WHAT YOU HAVE TO DO:
Show only those lines of the entries where the string "image" is found.

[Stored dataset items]
----
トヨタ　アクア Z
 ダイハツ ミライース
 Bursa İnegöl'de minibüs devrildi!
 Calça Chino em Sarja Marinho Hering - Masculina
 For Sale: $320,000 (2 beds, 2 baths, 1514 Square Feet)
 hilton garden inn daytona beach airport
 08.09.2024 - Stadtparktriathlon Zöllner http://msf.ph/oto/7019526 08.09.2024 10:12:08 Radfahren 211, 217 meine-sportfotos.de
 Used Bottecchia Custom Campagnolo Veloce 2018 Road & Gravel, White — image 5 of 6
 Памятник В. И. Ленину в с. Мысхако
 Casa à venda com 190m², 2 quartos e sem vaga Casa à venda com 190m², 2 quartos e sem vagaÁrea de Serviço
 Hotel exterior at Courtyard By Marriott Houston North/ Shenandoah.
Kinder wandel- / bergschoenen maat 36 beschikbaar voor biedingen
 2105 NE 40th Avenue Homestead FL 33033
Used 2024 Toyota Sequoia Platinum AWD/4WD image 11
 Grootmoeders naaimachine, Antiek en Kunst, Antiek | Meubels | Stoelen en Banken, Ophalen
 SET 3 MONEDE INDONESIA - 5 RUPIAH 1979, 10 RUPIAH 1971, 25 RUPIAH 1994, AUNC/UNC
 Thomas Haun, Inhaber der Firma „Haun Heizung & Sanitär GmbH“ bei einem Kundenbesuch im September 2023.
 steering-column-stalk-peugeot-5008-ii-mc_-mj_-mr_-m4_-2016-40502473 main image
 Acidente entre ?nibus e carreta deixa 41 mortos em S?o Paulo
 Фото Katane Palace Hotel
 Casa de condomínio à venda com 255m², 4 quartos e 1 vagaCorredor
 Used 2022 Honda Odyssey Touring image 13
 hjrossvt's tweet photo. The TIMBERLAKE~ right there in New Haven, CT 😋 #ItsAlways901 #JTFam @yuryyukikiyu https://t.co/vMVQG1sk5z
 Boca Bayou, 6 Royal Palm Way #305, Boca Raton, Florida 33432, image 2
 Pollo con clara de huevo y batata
----
SOLUTION:
 Used Bottecchia Custom Campagnolo Veloce 2018 Road & Gravel, White — image 5 of 6
Used 2024 Toyota Sequoia Platinum AWD/4WD image 11
 steering-column-stalk-peugeot-5008-ii-mc_-mj_-mr_-m4_-2016-40502473 main image
 Used 2022 Honda Odyssey Touring image 13
 Boca Bayou, 6 Royal Palm Way #305, Boca Raton, Florida 33432, image 2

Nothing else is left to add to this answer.